I Grandaddy non si sono mai sciolti veramente, il loro spirito ha continuato a vivere nei lavori di Jason Lytle che, in fondo, della band era qualcosa di più che il semplice frontman, molto di più. Così come i Grandaddy sono stati molto più che una band “indie”, infatti hanno incarnato perfettamente lo spirito (e l’iconografia) e creato il suono che hanno dato il nome ad un genere che ha segnato e, ineluttabilmente massacrato, un decennio. La California dei garage bassi sotto il sole bianco, l’abbigliamento da boscaioli, le barbe lunghe, la bassa fedeltà applicata ad un’anima pop molto biascicata e svogliata, erano indie. Mentre la California delle bagnine pettorute, delle spiagge assolate, dei costumi sempre più ampi per lui e sempre più risicati per lei, il pop meccanicamente intonato erano mainstream. Da quella sorta di guerra fredda non ci siamo ripresi per anni, oggi tutto si è mescolato, tutto si è sinergizzato, non si indossa più una sola divisa perchè si indossano tutte le divise a seconda dei giorni, la raccolta differenziata dello stile che fa rimpiangere le barricate come fossero tenui carezze.
Jason Lytle non ha mai smesso di essere sè stesso, nella vita come dietro al microfono, ha continuato a vestire nello stesso modo, si è trasferito in Montana una volta chiuso il capitolo Grandaddy nel 2006, forse fiaccato dal global warming chissà , e ha continuato ad amare il pop, il folk e l’elettronica minuta, la sua unica, sola e nuda chitarra elettrica. Ha pubblicato così nel 2009 “Yours Truly, The Commuter”, disco a dire il vero deboluccio, uno zuccherino per i fans feriti dalla dipartita della band madre.

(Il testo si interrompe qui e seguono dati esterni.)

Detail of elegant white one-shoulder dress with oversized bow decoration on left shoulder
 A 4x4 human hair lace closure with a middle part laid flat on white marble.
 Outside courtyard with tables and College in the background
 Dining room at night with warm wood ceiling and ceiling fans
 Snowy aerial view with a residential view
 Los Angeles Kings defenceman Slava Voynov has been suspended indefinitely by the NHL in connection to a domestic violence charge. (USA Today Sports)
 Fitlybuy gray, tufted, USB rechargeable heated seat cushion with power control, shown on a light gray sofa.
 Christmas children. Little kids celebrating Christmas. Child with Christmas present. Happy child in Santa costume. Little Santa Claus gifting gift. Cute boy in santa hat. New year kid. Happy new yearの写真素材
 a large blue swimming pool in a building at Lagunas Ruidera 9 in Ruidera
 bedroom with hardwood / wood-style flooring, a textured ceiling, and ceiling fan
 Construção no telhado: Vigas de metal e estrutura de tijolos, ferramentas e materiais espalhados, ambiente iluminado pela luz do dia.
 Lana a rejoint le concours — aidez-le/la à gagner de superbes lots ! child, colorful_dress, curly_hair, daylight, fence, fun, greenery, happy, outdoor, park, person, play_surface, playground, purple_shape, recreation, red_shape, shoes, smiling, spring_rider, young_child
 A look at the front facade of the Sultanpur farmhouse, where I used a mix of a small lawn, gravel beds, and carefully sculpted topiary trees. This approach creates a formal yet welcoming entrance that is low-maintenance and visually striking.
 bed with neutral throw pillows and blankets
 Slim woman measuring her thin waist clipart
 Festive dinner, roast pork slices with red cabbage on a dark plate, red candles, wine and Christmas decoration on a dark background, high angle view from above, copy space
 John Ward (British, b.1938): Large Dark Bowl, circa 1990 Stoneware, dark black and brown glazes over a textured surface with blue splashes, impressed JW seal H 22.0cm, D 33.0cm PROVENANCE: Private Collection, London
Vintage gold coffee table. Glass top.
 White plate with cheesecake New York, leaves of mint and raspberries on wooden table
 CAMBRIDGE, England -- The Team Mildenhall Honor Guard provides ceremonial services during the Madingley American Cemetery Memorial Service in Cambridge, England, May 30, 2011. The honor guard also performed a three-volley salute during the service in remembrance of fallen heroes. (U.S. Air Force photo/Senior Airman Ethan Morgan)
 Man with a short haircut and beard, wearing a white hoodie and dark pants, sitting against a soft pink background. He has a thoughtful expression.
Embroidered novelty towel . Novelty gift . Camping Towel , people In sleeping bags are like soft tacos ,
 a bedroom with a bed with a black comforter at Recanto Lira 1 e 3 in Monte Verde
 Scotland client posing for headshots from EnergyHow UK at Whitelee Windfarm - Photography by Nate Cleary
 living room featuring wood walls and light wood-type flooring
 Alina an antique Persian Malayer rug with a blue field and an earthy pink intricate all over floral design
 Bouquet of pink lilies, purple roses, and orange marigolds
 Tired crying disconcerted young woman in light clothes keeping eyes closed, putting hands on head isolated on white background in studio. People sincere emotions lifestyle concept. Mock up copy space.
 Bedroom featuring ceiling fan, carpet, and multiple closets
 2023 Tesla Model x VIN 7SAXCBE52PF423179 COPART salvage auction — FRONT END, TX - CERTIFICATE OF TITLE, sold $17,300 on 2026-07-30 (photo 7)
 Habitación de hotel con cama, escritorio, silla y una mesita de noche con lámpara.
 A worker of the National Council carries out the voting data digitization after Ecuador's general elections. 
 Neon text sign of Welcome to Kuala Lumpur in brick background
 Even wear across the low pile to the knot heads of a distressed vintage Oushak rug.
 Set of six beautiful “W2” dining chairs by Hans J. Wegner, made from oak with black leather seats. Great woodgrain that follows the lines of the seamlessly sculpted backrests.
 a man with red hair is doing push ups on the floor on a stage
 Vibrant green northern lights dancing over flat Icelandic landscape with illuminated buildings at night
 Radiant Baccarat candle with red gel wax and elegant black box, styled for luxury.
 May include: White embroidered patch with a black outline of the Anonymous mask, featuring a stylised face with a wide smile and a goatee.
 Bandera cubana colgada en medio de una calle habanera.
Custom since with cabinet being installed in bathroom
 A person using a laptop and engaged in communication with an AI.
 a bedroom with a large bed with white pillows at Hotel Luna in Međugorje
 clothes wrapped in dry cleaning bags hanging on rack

“Dept. of Disappearance” smentisce chi pensava ad un inesorabile declino, Jason ha ancora tanto da dire e voglia di fare (aggiungeteci che i Grandaddy sono tornati a suonare insieme). Solo ad un primo ascolto si potrebbe credere che ci si trovi di fronte ad un esercizio di (bello) stile, perchè questa nuova fatica di Lytle è una raccolta di brani incisivi, melodie piene e avvolgenti, robusti pezzi indie rock, ballate struggenti e qua e là qualche bel riff a dare la scossa. Poi quella voce così semplice e confidenziale (qualcuno ha smosso sua maestà Neil Young, non pare una bestemmia) che serve a scuotere gentilmente l’ascoltatore che pensava di andare col pilota automatico e che invece si ritrova a sorridere e godere di un disco bello.